## Given entries
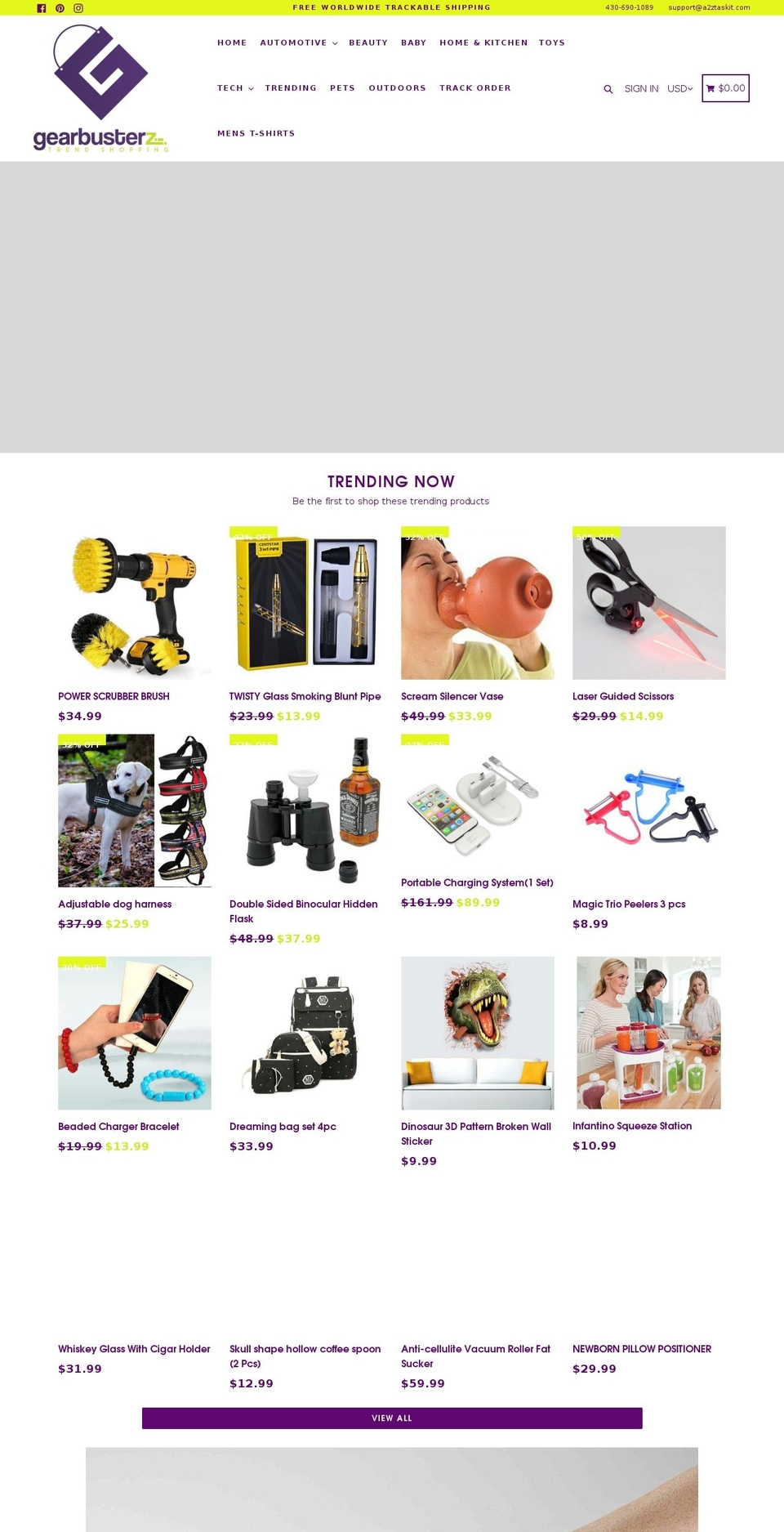 a2zbazaarr.com shopify website screenshot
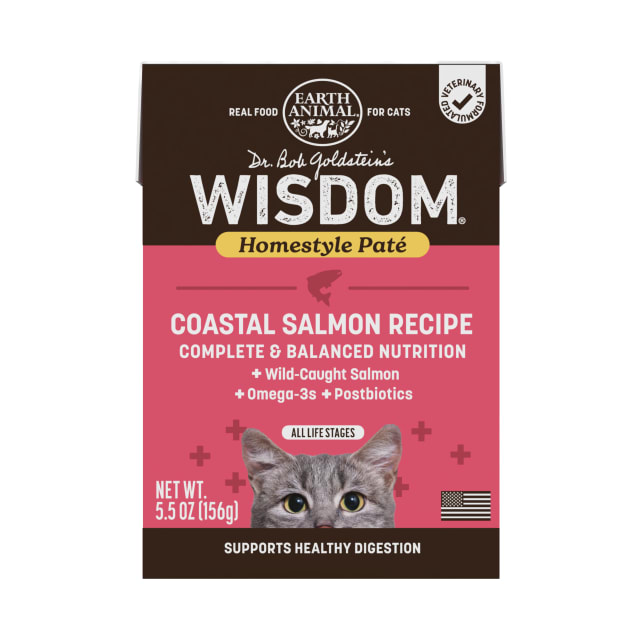 Wisdom - Homestyle Paté - Cat Food - Coastal Salmon - 5.5 oz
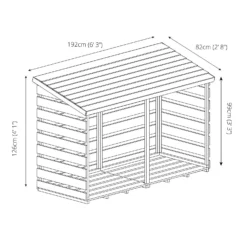 Mercia (Installation Included) Double Log Store -Westland Shop 12888117 2835028837810777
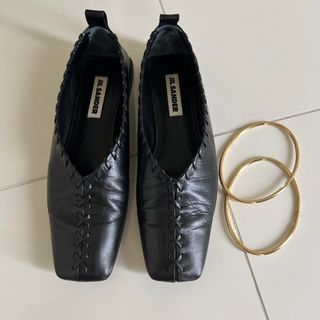 ジルサンダー(Jil Sander)のコメント割あり　ジルサンダー　フラットシューズ(ローファー/革靴)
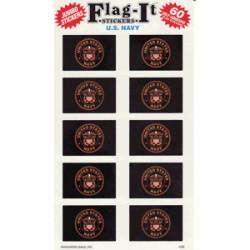 United States Navy - Sheet Of 10 Mini Stickers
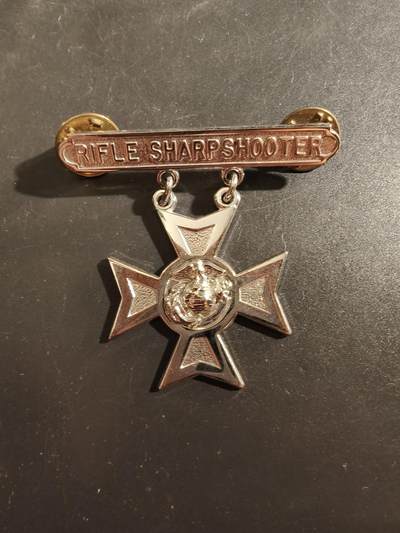老王徽章第177期 - 美国海军陆战队神射手技能章     步枪神射手勋条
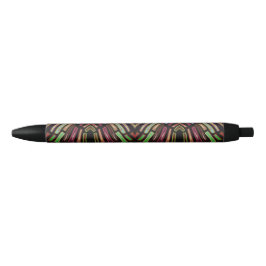 Glas-in-lood Vibe Kleurrijke Juweelpatroon Zwarte Inkt Pen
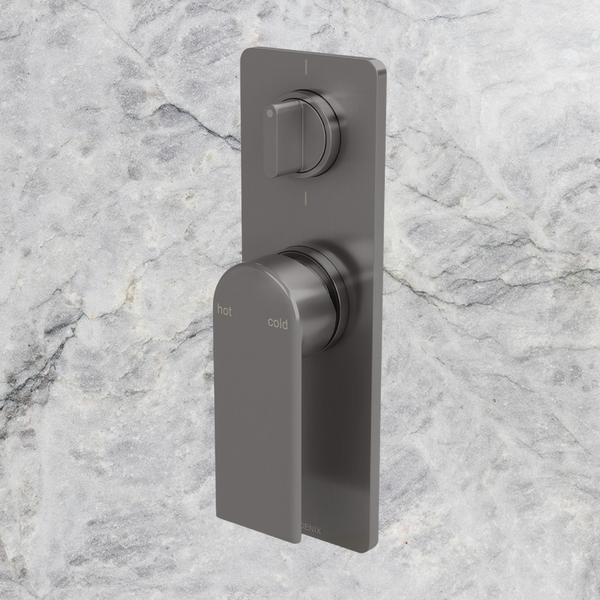 Phoenix Teel SwitchMix Shower / Bath Diverter Mixer Brushed Carbon (Complete Kit)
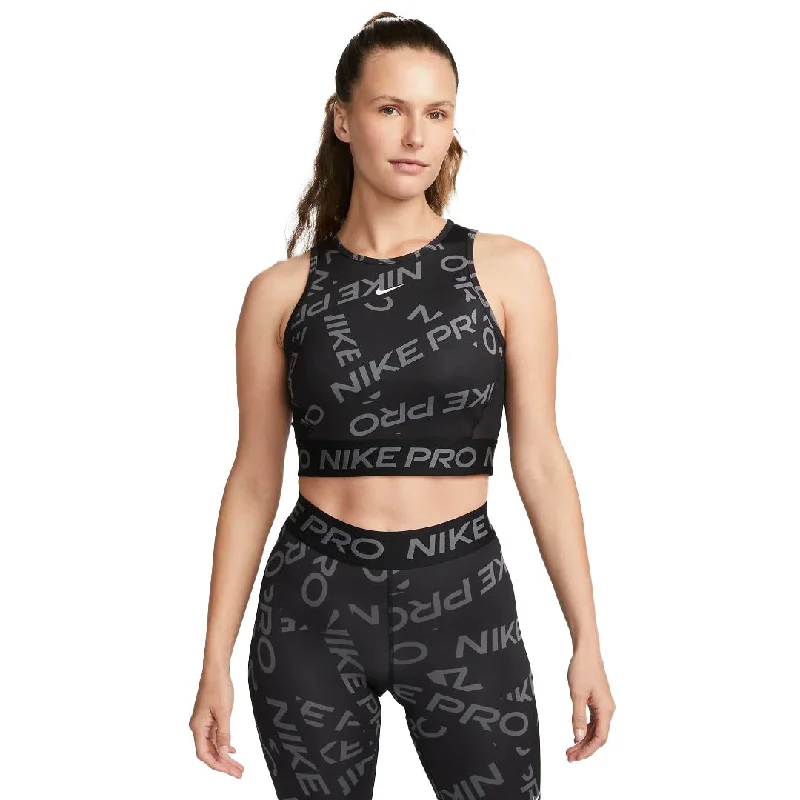 Pro Dri-Fit Crop Printed Tank Top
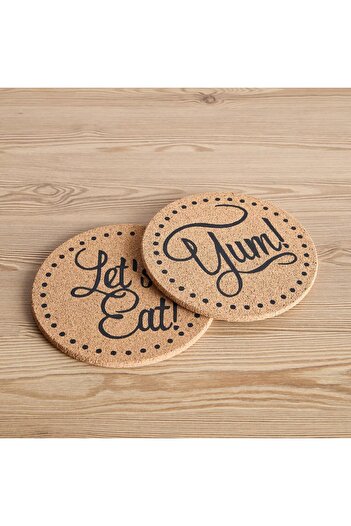 Generic Saida Cork Trivet - Set of 2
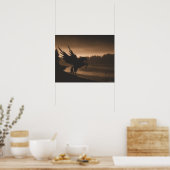 Pegasus Canvas afdrukken Poster (Keuken)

## Description of the task
Copy every entry exactly; drop the pictures.

## Output below
 a2zbazaarr.com shopify website screenshot
 Wisdom - Homestyle Paté - Cat Food - Coastal Salmon - 5.5 oz
 Mercia (Installation Included) Double Log Store -Westland Shop 12888117 2835028837810777
 ジルサンダー(Jil Sander)のコメント割あり　ジルサンダー　フラットシューズ(ローファー/革靴)
 United States Navy - Sheet Of 10 Mini Stickers
老王徽章第177期 - 美国海军陆战队神射手技能章     步枪神射手勋条
 Glas-in-lood Vibe Kleurrijke Juweelpatroon Zwarte Inkt Pen
 Phoenix Teel SwitchMix Shower / Bath Diverter Mixer Brushed Carbon (Complete Kit)
 Pro Dri-Fit Crop Printed Tank Top
 Generic Saida Cork Trivet - Set of 2
 Pegasus Canvas afdrukken Poster (Keuken)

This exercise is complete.